“現在唐家老太太可以放心了,兩個孩子和唐副營長他媳婦處得不錯,每天一早,他媳婦就送外甥和外甥女去托兒所,都不睡懶覺了。”
“還得是孩子們乖,要像我家倆孩子三四歲時那樣,小蘇肯定吃不消。”
“這倆孩子小小年紀就沒了父母,幾個月搬了好幾回家,肯定比一般同齡的孩子要懂事。”
幾個嬸子們說著話,看見蘇青時接團團圓圓從托兒所回來。
“小蘇,托兒所還沒放假”
“這都快過年了”
蘇青時面對譏嘲地掃她們一眼,收回視線,提醒團團圓圓“走快點。”
這些大院里的人,成天說閑言碎語,時間長了,都不記得自己說過些什么。
可蘇青時記得清清楚楚。
幾個月前,她們就站在大院的公示牌前,數落她心眼不好,跑去袁校長那里捅寧蕎的刀子,實則自己連初中畢業證都沒有。

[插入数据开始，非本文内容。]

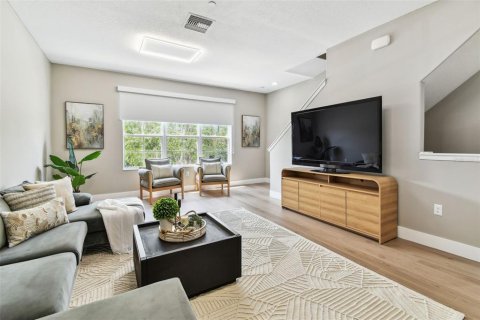 Townhouse in Brandon, Florida 3 bedrooms, 178.09 sq.m. № 1659626 - photo 4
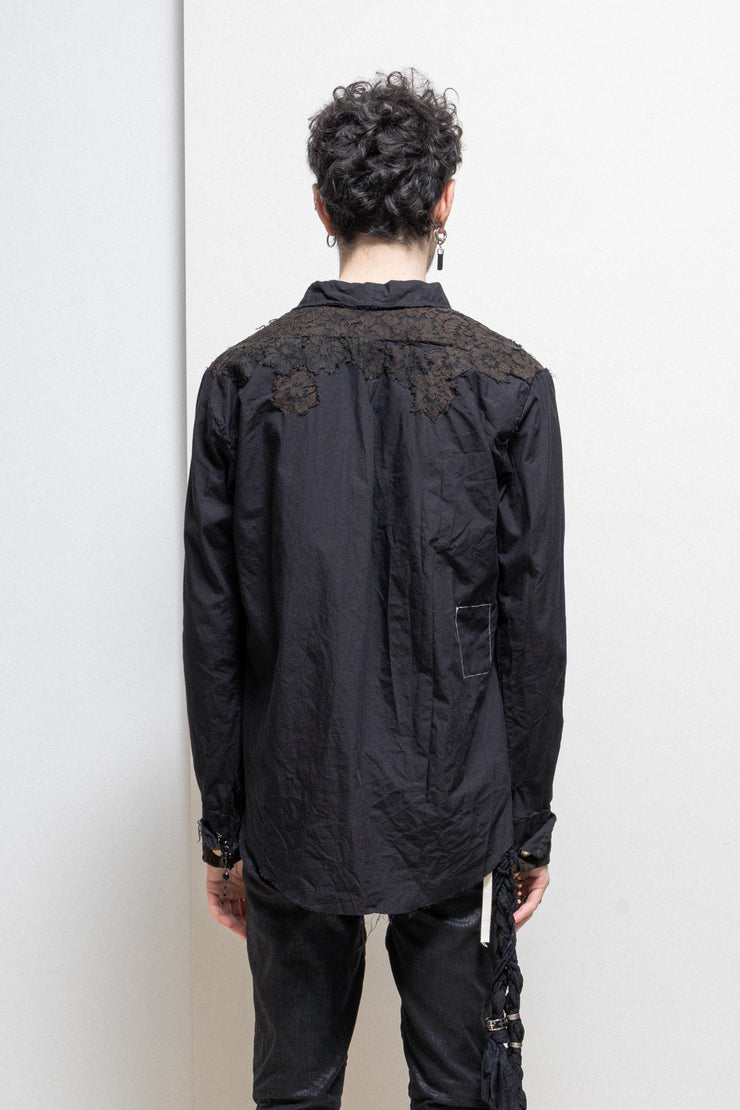 KHÔL - Handmade cotton shirt with lace details, rose brooch and cuff pearls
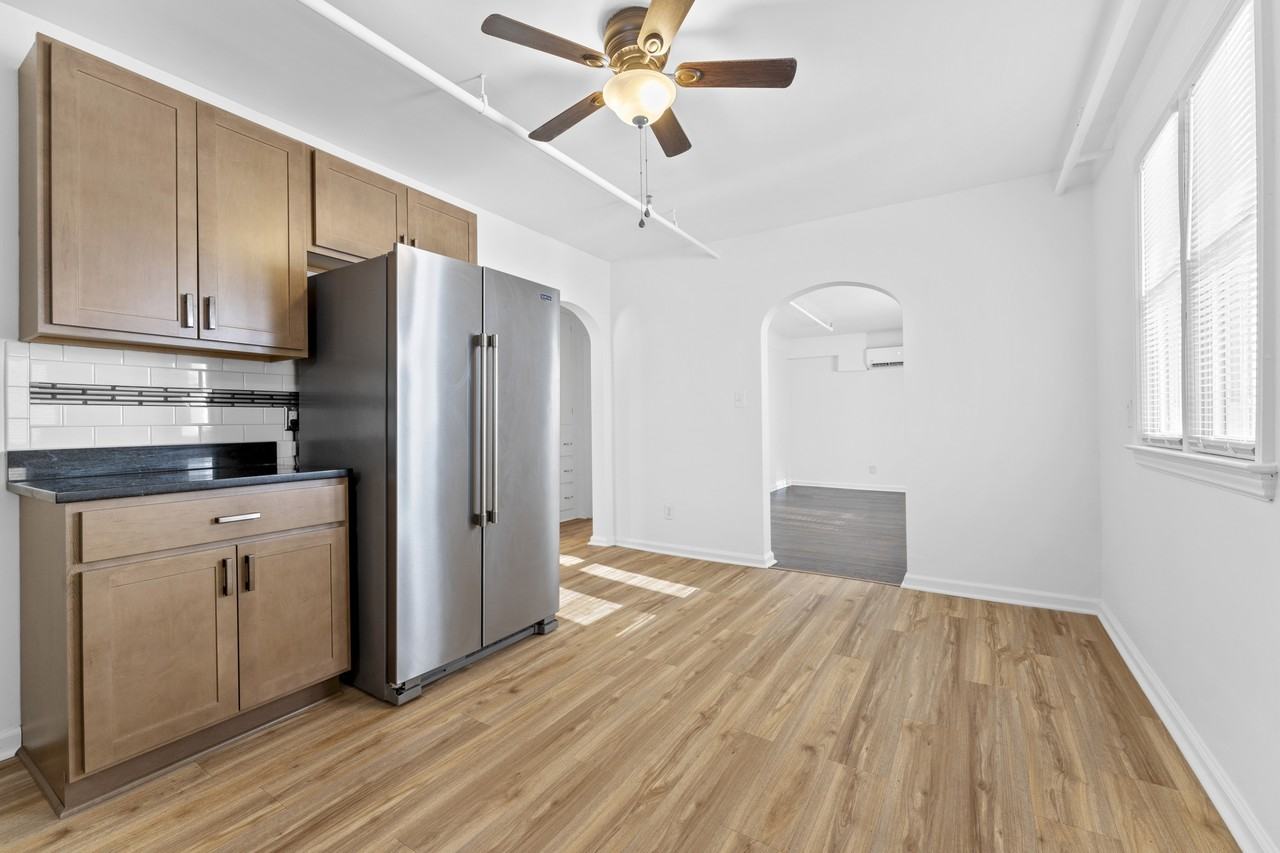 2964 W. Jefferson Ave. *EPM* - Photo 4 of 11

直到現在,蘇青時還記得自己當時的心情,是恨不得找個地縫鉆進去徹底消失的難堪。
她絕對,不會原諒這些人。
至于寧蕎的工作問題,是,當時她的確多嘴說了幾句,可那又怎么樣
到最后,寧蕎不還是被學校辭退了嗎
蘇青時很有耐心,她會等。
等到寧蕎被辭退的消息在大院里同樣成為流言蜚語的那一天。
望著蘇青時的背影,幾個嬸子大眼瞪小眼。
劉麗薇慢吞吞走過來“誰讓你們非要熱臉貼人家冷屁股。”
“小學初中和高中都已經放假了,怎么托兒所還沒放假”
“你們家沒有這么小的孩子,所以不清楚。我們這里的托兒所沒有寒暑假,上了小學的孩子都六七歲了,就算家里沒有大人照顧,生活也能自理。但托兒所的孩子們不一樣,有些小一點的,才一歲,父母沒時間,讓他們在家給自己泡奶粉喝”

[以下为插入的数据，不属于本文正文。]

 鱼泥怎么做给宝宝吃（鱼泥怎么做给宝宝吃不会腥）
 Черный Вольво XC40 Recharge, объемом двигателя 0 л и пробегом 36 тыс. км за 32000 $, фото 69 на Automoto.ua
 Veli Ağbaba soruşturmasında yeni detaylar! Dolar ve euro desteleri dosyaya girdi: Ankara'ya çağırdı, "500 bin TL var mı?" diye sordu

“當年托兒所的聶園長就說了,托兒班要真正為軍人和軍人家屬解決實質上的問題,寒暑假愿意家里愿意接回去的,就接回去。實在沒辦法,托兒班愿意幫他們照顧孩子到除夕夜”
大家這才知道軍區托兒所還有這么一項規定。
“我們軍區的托兒所,各方面條件都好,還得了軍區特批資金,教職工的待遇可比很多單位還高。”
“主要是聶園長帶領得好,當年我家娃在托兒所凈知道哭,聶園長一點都不會不耐煩,好幾次我下班晚了去接娃,娃都窩她懷里喊園長奶奶。”
“不過話又說回來了,唐副營長家媳婦又不上班,都快過年了,為什么不早些天接孩子回家里待著”
蘇青時加快腳步。
團團圓圓跟在后面,小短腿邁得飛快,但始終追不上舅媽。
他們累了,走得慢了一些,歇歇腳。
已經回到軍區大院,團團圓圓不怕跟不上舅媽而迷路了。
因為他們已經在這里住了好久好久,認得回舅舅舅媽家的路。
大年三十那天,家屬院里不少軍人用了自己的假期,帶著家屬和孩子們回老家過年。
但即便如此,院子里還是同樣熱鬧。
江珩攢了拉練結束之后的物資,像彈殼、廢棄彈頭,還有一些軍糧,在過年這天一并帶回來。
彈殼和廢棄彈頭是兩個弟弟最愛的玩具,一見就愛不釋手,還舍不得拿到大院里,兄弟倆跑到二樓露臺藏著玩。
他們一走,江果果掏出一個涼拌菜罐頭。
“既然二哥和三哥不吃,就只能是我和小嫂子分著吃了哦”小丫頭故作遺憾。
寧蕎勾了勾她的鼻尖“先盛到盤子,年夜飯的時候大家一起吃。”
小嫂子去廚房開罐頭。
這罐頭是黃瓜、胡蘿卜和竹筍等等泡在一起的拌菜,看著酸酸甜甜的,嚼起來還特別清脆,是江果果的最愛。她吞了好幾次口水,一個勁望著窗外。